DSGVO-Verstöße vermeiden: Was Betreiber jetzt tun sollten
Die gute Nachricht: Mit wenigen gezielten Maßnahmen wird Ihre Website DSGVO-konform – die häufigsten Fehler lassen sich schnell beheben.
- Kostenlos prüfen: Unseren Audit starten – Sie sehen in Sekunden, wie Ihre Website abschneidet.
- Cookie-Banner prüfen: Haben Sie ein Cookie Banner? Bietet es eine gleichwertige Möglichkeit, Cookies abzulehnen? Wie schneiden die beliebtesten Cookie-Banner ab?
- Google Fonts lokal hosten: Der einfachste Fix mit sofortiger Wirkung.
- Tag Manager aufräumen: Alle Tags und Marketing-Tools an Consent-Trigger binden, Consent Mode v2 aktivieren.
- Eingebettete Inhalte und Kontaktformulare prüfen: YouTube, Maps, reCAPTCHA und Kontaktformulare – alle brauchen eine datenschutzkonforme Integration.
- Regelmäßig testen: Nach jedem Update erneut prüfen – neue Plugins können das Setup brechen.
- Datenschutzbeauftragten einbinden: Besprechen Sie die Ergebnisse mit Ihrem DSB oder einem externen Datenschutzberater. Unsere Audits liefern die Fakten – die rechtliche Einordnung gehört in Expertenhand.
Quellen und Methodik
- Alle Zahlen basieren auf exatics-Audits deutscher Websites (Stand: Mai 2026, über 2,9 Mio. Bewertungen)
- Prüfung durch automatisierte Chromium-Browser mit echtem Banner-Klick (Ablehnung, wo möglich)
- Privacy-Score: 0–100, basierend auf Cookies, Tracking-Tools, Datenübertragungen und Cookie-Banner-Qualität
- LG München I: Google Fonts Urteil (20.01.2022)
- exatics: Tracking ohne Einwilligung
- exatics: Cookie-Banner-Vergleich
- exatics: Dark Patterns in Cookie-Bannern
Weiterführende Artikel
- Welche Consent-Tools nutzt Deutschland?
- Ist Ihr Cookie-Banner wirklich korrekt eingerichtet?
- Google Analytics und der Consent Mode
- Adblocker und Analytics: Warum Besucher unsichtbar sind
- Was ist exatics Audit? – Alle Prüfkategorien
* Aufgrund einer notwendigen Änderung in den Bewertungen verschiedener Services und der Korrektur von Bewertungen für die Effizienz von Consent-Bannern haben sich unsere Ratings korrigiert.

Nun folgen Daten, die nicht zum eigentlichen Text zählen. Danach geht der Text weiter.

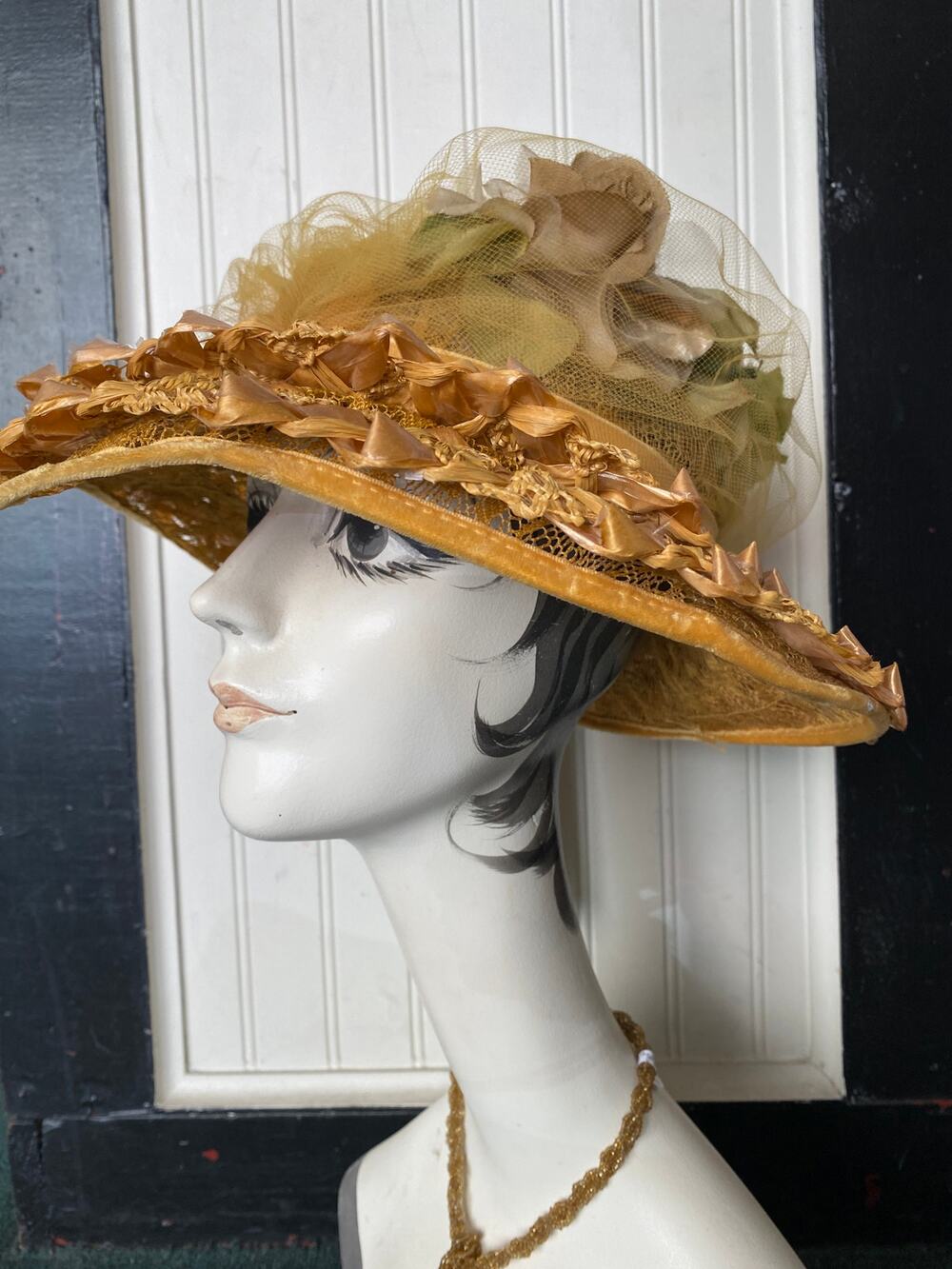 vintage 1960s wide brim straw hat rose petals 60s fashion tulle netting kentucky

Vertiefende Fragen zu Website
Haftet der Website-Betreiber oder der Cookie-Banner-Anbieter?
Der Website-Betreiber haftet als Verantwortlicher im Sinne der DSGVO. Auch wenn der Cookie-Banner-Anbieter einen Fehler verursacht, bleibt die datenschutzrechtliche Verantwortung beim Betreiber – regelmäßige Prüfung ist daher Pflicht.
Sind Google Fonts wirklich ein Datenschutz-Problem?
Ja – wenn sie extern von Google-Servern geladen werden. Dabei wird die IP-Adresse des Besuchers an Google in die USA übermittelt, was ohne Einwilligung einen Verstoß gegen die DSGVO darstellt. Die Lösung ist einfach: Schriftarten herunterladen und vom eigenen Server ausliefern. Damit entfällt die Datenübertragung vollständig.
Muss ich ein Cookie-Banner haben, auch wenn ich keine Cookies setze?
Nicht zwingend. Wenn Ihre Website keine Cookies setzt und keine einwilligungspflichtigen Drittanbieterdienste lädt, brauchen Sie kein Cookie-Banner. Sobald aber ein externer Dienst wie Google Maps, YouTube oder ein Analytics-Tool eingebunden ist, wird in der Regel eine Einwilligung benötigt – und damit ein funktionierendes Consent-System.